I'd not been to Lacock before, so was not sure what to expect but having been to a few old country houses and manors I had some preconceived ideas. Turns out that I was wrong on most counts! The gardens were very natural, not the highly landscaped flower beds I have seen so many times before. I would have loved it there as a kid, so many places to hide!
The only problem was the rain. It was quite heavy at times and that made it hard to get any clear shots without there being other visitors in the frame. The shot of the cloisters above was taken in a brief break between the showers. One good thing about the rain is the nice saturated colours.
During another break I took a walk out to the orchard and loved the way the church looked against the sky.
Not long after taking this photo I was caught out by another downpour so headed back to the cloisters and the dry. I was fortunate enough to just get this photo before people in the room at the end of the cloister walked out. If you look carefully you can just make out the silhouette of one of them.
I had planned on doing some HDR shots too but due to the number of people around I only managed one image.
HDR is often used to give a surreal look to a photo but I like to keep it simple and use it just to enhance the image. The three shots below show why HDR is useful. In the centre shot you see the "normal" exposure for the room. It looks fine, but the scene outside the window is too bright and gets blown to white. Exposing for the outside plunges the room into darkness. The third shot exposes to get detail in the shadows.
Combining the three you get something closer to what the eye can see.

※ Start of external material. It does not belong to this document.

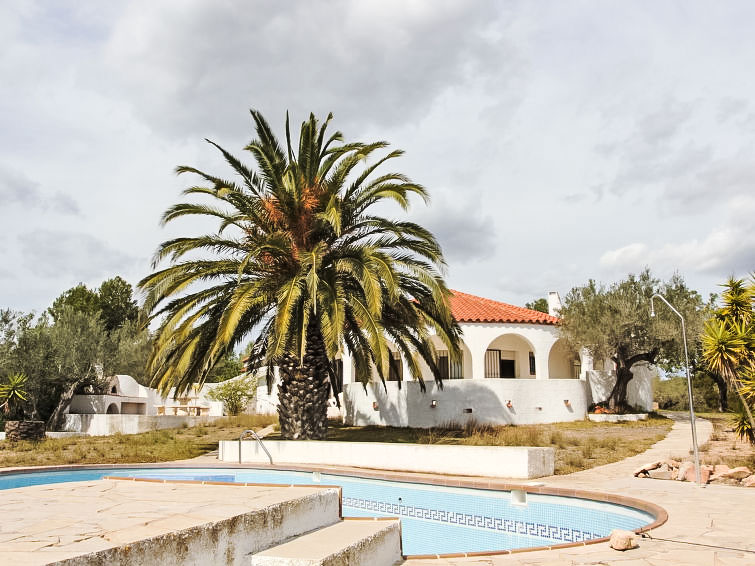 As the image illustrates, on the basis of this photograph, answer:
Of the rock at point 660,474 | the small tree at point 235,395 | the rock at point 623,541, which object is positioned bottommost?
the rock at point 660,474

Another thing worth looking at if you visit Lacock is the William Henry Fox Talbot Photography Museum. You can learn about the history of photography and the process patented by Fox Talbot in the 1800's and see prints of some of his photos.
Like other houses, there are many paintings to see at Lacock, but there are also the photos by Fox Talbot himself. For me the photos have something very special about them. A painting shows an artists impression of his subject but a photograph captures the actual person, as they were at that instant in time. It is one of the things I love most about photography and why I am drawn to photograph people more than any other subject.
At the moment the museum also houses a gallery of photographs by Basil Pao. If you have watched the Michael Palin adventures on TV then you may recognise many of these photographs as Basil travelled with Michael on many of his trips. There are some amazing portraits in the collection.